The rate panel unanimously voted to keep the benchmark federal funds rate from 4.25 percent to 4.5 percent, where it has been since December. Trump announced a series of more expected revenue than expected on April 2, but then stopped some of them for 90 days. Levies are now 145 % on imports from China. The nature of the revenue is once again paired by the lack of explanation that where the trade policy will eventually be finalized, the entire economy has eliminated the wave of uncertainty.
Although the levies are still being discussed, economic experts expect widespread weighing on prices and growth. Powell is eliminating strong criticism for not reducing the rates. With reporters behind, the feed chair emphasized that the White House is in a better position to solve the growing risks and uncertainty, and is actually moving in that direction. US and Chinese officials will meet this weekend to discuss prices in Switzerland.
“Finally, it is for the administration. It is their mandate, not ours,” Paul said. “It seems that we are entering a new phase where the administration interacts with many of our major trading partners and has the ability to replace the image materially.”
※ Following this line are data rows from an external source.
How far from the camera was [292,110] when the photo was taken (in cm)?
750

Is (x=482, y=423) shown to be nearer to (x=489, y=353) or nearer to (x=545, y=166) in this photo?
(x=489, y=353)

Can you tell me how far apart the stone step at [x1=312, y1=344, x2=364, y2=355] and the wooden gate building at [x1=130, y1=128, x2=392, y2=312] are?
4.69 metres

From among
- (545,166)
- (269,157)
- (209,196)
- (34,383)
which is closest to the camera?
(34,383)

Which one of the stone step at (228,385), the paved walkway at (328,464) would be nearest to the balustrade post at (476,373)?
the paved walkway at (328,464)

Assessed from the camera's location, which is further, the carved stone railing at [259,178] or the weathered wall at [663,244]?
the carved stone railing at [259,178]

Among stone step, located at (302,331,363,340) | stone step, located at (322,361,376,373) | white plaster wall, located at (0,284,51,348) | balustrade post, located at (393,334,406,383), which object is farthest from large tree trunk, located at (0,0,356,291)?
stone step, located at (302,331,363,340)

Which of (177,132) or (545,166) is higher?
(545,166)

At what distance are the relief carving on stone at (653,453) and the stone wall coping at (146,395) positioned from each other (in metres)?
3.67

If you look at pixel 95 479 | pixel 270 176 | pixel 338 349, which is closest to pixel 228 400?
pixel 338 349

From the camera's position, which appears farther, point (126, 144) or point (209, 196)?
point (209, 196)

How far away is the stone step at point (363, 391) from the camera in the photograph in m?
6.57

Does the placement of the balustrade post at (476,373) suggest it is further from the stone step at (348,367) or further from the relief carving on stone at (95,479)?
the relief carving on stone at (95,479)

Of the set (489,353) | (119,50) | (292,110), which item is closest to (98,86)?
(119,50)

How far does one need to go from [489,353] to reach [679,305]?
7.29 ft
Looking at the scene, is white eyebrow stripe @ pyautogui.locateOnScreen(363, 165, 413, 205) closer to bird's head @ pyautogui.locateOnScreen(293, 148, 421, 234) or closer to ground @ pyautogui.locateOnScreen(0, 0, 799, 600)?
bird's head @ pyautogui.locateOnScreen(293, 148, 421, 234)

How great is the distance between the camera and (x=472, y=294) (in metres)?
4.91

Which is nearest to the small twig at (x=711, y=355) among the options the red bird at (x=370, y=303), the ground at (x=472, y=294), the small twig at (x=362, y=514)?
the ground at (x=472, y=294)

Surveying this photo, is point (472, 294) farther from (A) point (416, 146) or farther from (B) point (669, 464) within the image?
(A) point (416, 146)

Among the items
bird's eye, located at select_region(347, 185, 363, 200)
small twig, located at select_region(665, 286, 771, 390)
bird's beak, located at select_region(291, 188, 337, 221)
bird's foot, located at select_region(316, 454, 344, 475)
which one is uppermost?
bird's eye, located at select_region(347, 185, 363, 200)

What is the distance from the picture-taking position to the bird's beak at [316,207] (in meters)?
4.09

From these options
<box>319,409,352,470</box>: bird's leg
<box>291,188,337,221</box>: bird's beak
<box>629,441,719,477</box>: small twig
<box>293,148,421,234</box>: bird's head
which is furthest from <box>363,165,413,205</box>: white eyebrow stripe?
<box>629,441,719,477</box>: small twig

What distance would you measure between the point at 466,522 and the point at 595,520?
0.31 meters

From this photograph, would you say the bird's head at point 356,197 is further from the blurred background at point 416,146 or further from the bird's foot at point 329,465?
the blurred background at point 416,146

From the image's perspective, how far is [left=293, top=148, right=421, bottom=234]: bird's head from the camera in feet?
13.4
In the United States, recession concerns have increased, and some businesses have reported to stop investment decisions in view of uncertainty. Nevertheless, the labor market is flexible, employers increased by 177,000 jobs in April. According to the statement, Fed officials have described the situation in the labor market as “solid”. Recognizing that consumers and business sentiment have become dark between tariff announcements.
Reacting feed
“Generally, when we see the feed, they have very little about the ‘Masters of the Universe’,” said Claudia Saham, chief economist of New Century Advisors. “Fed White House policies are very high on the sound of the voice. They react.”
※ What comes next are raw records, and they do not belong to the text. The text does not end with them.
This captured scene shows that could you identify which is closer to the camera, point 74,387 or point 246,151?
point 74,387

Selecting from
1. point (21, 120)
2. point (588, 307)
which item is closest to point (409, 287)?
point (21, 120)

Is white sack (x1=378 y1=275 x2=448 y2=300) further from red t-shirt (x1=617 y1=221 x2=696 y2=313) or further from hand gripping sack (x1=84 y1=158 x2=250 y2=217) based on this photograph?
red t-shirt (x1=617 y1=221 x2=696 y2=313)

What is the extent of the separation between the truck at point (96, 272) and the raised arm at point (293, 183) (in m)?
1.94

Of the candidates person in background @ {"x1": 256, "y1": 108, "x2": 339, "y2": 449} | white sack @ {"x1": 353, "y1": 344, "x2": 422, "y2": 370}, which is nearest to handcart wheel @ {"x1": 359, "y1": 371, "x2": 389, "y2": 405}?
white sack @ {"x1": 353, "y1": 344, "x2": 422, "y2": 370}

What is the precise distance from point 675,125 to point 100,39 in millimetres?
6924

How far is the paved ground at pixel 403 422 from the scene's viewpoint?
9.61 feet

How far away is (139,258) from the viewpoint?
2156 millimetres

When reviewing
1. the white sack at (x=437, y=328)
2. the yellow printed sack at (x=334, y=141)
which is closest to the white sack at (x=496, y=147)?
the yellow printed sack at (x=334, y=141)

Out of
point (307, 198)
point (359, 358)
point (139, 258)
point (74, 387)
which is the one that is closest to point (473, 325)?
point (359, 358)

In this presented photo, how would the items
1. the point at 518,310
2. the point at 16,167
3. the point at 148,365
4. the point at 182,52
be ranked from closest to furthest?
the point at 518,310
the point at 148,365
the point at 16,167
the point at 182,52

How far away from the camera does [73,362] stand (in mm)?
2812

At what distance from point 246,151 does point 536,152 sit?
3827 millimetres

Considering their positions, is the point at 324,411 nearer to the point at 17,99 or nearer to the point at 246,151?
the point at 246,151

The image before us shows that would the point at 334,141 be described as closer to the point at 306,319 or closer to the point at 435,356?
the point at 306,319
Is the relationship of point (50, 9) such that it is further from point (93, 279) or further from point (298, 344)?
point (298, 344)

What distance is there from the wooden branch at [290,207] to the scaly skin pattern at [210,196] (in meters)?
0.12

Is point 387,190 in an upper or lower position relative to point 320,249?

Economists say that working through the economy will take full effect on new taxes. So far, its effects mainly include a rapid decline in emotion and increase in imports. The US economy signed a contract at the beginning of the year for the first time since 2022, but a basic demand gauge remained.
Future Markets show that investors still expect a shortage of three interests this year, with the difficulties of cutting up to about 85 85 % in early July. Most economists and investors do not expect the feed will reduce lower rates at its next meeting in June.
“You’re not taking data until June, which really provides you with enough information,” said Alan Made, a research professor at the University of Duke University. “Initially you might be really thinking about July, but clearly I think it’s September, and I’m not sure they are going to bite.”